Then he forgot Climper. ‘Charles, how marvellous,’ Johnny said, pumping his hand, and the drawling, Southern English voice with the emphatic adjective kicked Charles’s mind back seven years, so that for a moment he was surprised to see Johnny not in his flying jacket, his oxygen mask dangling from its strap. Certainly, he looked no older. His face was barely more lined than it had been then, except for a few more sun crinkles round those astonishing eyes—still an oddly innocent face, Charles thought with a pang, the kind of face that makes you feel old and a bit debauched and tired of the things you’ve done that you’re ashamed of.

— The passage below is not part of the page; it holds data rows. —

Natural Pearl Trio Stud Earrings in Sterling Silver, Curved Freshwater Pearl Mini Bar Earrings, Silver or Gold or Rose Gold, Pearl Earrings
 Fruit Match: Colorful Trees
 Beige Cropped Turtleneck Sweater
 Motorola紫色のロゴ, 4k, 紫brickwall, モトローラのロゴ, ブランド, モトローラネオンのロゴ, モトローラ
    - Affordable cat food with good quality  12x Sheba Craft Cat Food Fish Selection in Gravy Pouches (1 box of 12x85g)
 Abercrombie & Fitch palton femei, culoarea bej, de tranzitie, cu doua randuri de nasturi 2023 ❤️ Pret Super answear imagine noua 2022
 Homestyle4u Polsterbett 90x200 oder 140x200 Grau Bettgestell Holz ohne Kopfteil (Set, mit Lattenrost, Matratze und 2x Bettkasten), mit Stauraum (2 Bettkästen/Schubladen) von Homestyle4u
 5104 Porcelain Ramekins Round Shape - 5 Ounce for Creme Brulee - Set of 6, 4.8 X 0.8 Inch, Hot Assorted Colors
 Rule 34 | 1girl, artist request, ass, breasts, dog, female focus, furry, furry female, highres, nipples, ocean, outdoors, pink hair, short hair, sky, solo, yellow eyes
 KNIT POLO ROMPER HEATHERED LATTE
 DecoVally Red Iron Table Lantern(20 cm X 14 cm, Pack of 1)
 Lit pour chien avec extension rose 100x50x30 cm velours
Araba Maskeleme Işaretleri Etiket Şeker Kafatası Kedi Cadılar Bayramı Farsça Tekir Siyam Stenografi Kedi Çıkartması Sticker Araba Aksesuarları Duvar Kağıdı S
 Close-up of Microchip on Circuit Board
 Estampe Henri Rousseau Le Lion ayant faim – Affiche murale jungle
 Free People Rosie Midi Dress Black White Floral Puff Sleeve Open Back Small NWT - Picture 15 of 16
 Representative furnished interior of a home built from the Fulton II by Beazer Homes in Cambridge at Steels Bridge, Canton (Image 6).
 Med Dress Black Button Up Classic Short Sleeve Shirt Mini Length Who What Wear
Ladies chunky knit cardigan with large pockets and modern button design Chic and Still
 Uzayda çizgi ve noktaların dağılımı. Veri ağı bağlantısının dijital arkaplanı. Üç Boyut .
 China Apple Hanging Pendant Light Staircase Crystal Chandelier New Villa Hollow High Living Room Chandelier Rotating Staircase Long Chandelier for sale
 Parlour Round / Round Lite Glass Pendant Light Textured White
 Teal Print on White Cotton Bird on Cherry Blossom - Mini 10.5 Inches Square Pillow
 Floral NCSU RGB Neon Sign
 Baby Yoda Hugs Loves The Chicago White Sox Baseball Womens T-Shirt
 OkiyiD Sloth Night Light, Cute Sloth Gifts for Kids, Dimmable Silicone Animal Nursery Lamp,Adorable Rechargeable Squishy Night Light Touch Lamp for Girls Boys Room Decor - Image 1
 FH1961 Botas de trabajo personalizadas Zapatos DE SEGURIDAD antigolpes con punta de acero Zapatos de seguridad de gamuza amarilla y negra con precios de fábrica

‘It really is wonderful to see you,’ Johnny said, still holding his hand and smiling as if there was no one in the whole wide world he had so much wanted to see. It was a way he had, Charles remembered, a beautifully effective form of flattery that nevertheless produced a slight constraint: the welcome was so warmly, so unaffectedly effusive that you despaired of matching it.
He said awkwardly, ‘Johnny, you old idiot,’ and suddenly, in spite of his very real pleasure, he felt an odd, instinctive withdrawal that was more than the ordinary nervousness of meeting an old friend after a period of years. Johnny was more than an old friend, he had once been a kind of idol.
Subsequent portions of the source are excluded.